Just as the program moves through a diverse range of environments, you too will be accommodated in a range of different accommodations, from remote and isolated beach camping, to tents in the rainforest, group lodges, motel rooms, dormitories and homestay families. At some accommodations your meals will be provided for you, while at others you will be able to shop for and cook your own meals.
When the program commences in Sydney students will be accommodated in individual College style rooms. During excursion or short trips the accommodation will often be dormitory style shared accommodation.
While in Brisbane participants will be housed with Australian families in Homestay Accommodation. Through living in homestay accommodation students will gain an understanding and appreciation of Australian culture and lifestyles. Students are encouraged to integrate themselves into the life of their host family. Evening meals will be shared with the family throughout the week and there is an expectation of engagement and exchange between family and student.
When traveling to field sites accommodations will most often be two person tents. Some remote locations will have limited facilities, no access to power, internet or phone reception.
There will be two short breaks (5-7 days) in the program that will allow you time to make your own plans and explore regions of interest to you. Often these periods of independent travel will commence in Sydney and then finish in Brisbane allowing participants to travel along sections of the East Coast of Australia at their own pace.
Throughout the program there are many scheduled excursions, events, sporting games, theatre performances, museums and art galleries.
There are also a number of weekends where participants will have free time, particularly in Brisbane. They may wish to plan their own weekend adventures to explore the surrounding region, or their host family may invite them to join in family activities.
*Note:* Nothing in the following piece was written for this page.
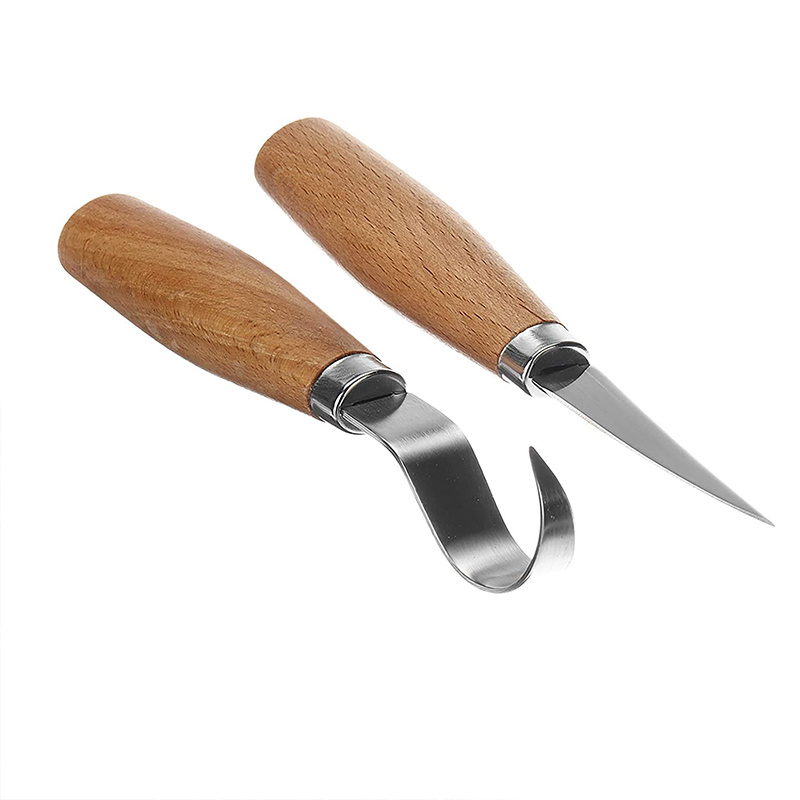 Carving Knife, Tool Chip Carving Knife Paring Knife with Knife Sleeve +  Hook Knife, Wood Carving Kit for Spoon Bowl Cup Woodworking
In country staff will be happy to assist with suggestions once you arrive.
2020-2021 Fee Breakdown*
Total Fee (includes Tuition, Program Fee, and Health & Wellness Fee): $34,921
Program Fee: $7,468
Health & Wellness Fee: $37**
Included in the program fee are room/housing, board/meals, and administrative fees. Not included are airfare, passport and visa expenses, primary insurance coverage, photographs, books, immunizations, and incidentals.
*Fees are updated every February for the following academic year.
**The Health & Wellness Fee supports the operations of Wellness Services staff in delivering pre-program orientation services, as well as in providing health-related consultation regarding participant health needs. All students in the College of Arts and Sciences pay a mandatory fee of $37 per semester.
Stipend: Students will receive a stipend to cover the cost of meals and transportation costs not covered by the program fee.
Estimated Airfare (Round Trip PDX to SYD, BNE to PDX): $1,500 - $2,000
Estimated Health Insurance Fee: $1,350.50
All students participating in overseas programs are automatically enrolled in iNext, a supplemental travel insurance program. The fee for iNext is covered in the program cost. However, students are also required to have comprehensive health insurance during their time abroad. All students participating in overseas programs, both abroad and domestic, are automatically enrolled in the College’s student health insurance program. Similar to a regular semester on-campus, students participating in overseas programs may waive enrollment in the student health insurance program if they have other comprehensive health insurance (e.g., through a parent, guardian or employer) that 1) provides coverage for them in the geographic region in which they will be studying and 2) includes mental health benefits. Click here for more information regarding health insurance & overseas programs.
Application Process: Applications are due one year before the start of the program.
Visa: Students will be required to apply for a visa in order to participate in this program. More information will be provided upon admission to the program.